The continuity equation for salt includes its advective and dispersive fluxes:

$$\begin{aligned} \frac{\partial \left( {\phi \gamma } \right) }{\partial t}+U\frac{\partial \gamma }{\partial x}=D\frac{\partial ^{2}\gamma }{\partial x^{2}} \end{aligned}$$
(42)

The kinetics of different mechanisms of particle capture than attachment is given by Eq. (2). Equation (3) captures the formation damage and flux alteration due to the particle capture.

The initial and boundary conditions are:

$$\begin{aligned} t= & {} 0: c=0, \gamma =\gamma _0, \sigma =0, \sigma _a =\sigma _{a0}, \nonumber \\ x= & {} 0: c=0, \gamma =\gamma _1 \end{aligned}$$
(43)

System of five equations (2, 3, 4042) subject to initial and boundary conditions (43) determines the following unknowns: \(\sigma { (x,t), c(x,t)}, \sigma _{a}{} { (x,t)}, \gamma { (x,t)}\) and p(xt).

For the case where

$$\begin{aligned} \sigma _{a0} =\sigma _{cr} \left( {\gamma _0 } \right) , \gamma _1 <\gamma _0, D=0, t\gg 1, \end{aligned}$$

the above-formulated problem (2, 3, 4043) degenerates into the problem (13, 6, 7) solved in the present work.

8 Conclusions

Exact integration of nonlinear equations for fines migration in porous media and matching the experimental data allows drawing the following conclusions.

The problem of slow fines migration with varying filtration function that accounts for varying accessibility and drift-delay factors allows for exact solution. Distributions of suspended and retained concentrations along with the concentration front trajectory are expressed by implicit formulae.

The solution shows that suspended and retained concentrations ahead of the concentration front depend on time only, i.e. their profiles are uniform.
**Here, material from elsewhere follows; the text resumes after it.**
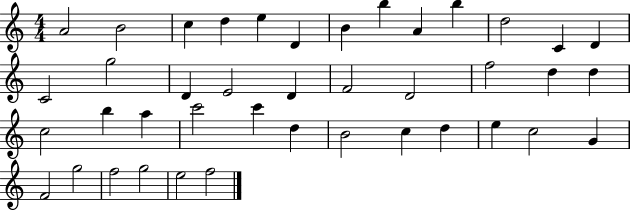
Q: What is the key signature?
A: C major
Suspended concentration behind the front equals zero, and the retention concentration is steady state.

If accessibility and drift-delay factors are constant, the concentration front propagates with constant velocity and the retained concentration behind the front is independent of the drift-delay factor.

For the case of Langmuir blocking function and constant accessibility and drift-delay factors, suspended and retained concentrations are expressed by an explicit analytical nonlinear model, which exhibits high agreement with experimental data.
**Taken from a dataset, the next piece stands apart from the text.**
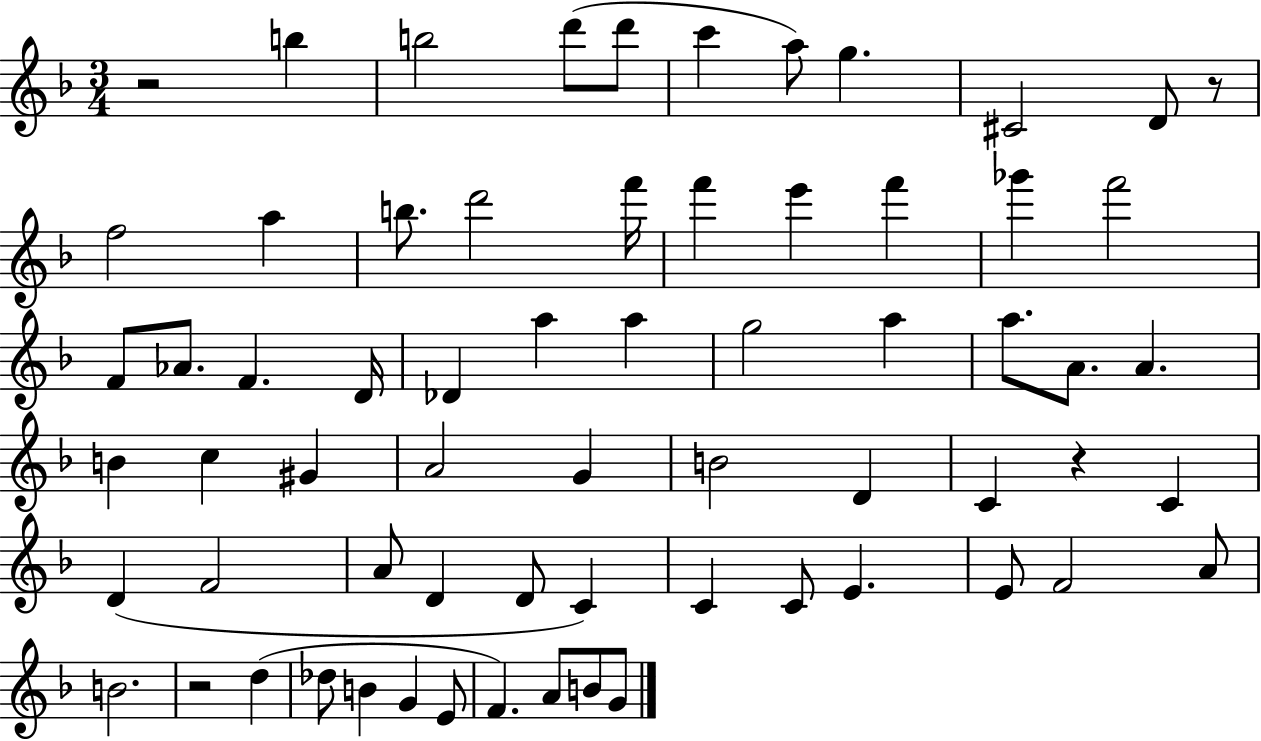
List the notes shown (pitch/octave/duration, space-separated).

R/h B5/q B5/h D6/e D6/e C6/q A5/e G5/q. C#4/h D4/e R/e F5/h A5/q B5/e. D6/h F6/s F6/q E6/q F6/q Gb6/q F6/h F4/e Ab4/e. F4/q. D4/s Db4/q A5/q A5/q G5/h A5/q A5/e. A4/e. A4/q. B4/q C5/q G#4/q A4/h G4/q B4/h D4/q C4/q R/q C4/q D4/q F4/h A4/e D4/q D4/e C4/q C4/q C4/e E4/q. E4/e F4/h A4/e B4/h. R/h D5/q Db5/e B4/q G4/q E4/e F4/q. A4/e B4/e G4/e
The typical properties of the suspended and retained concentrations are as follows: existence of the envelope curve for retention profiles that determines uniform distribution ahead of the front and steady-state distribution behind the front; concave breakthrough curves for increasing filtration function and convex breakthrough curves for decreasing filtration function in semilogarithmic coordinates; and straight-line breakthrough curve during short after-breakthrough period for low-varying filtration coefficient, allowing determining model constants \(c^{{ 0}}\) and \(\alpha \lambda _{{ 0}}\).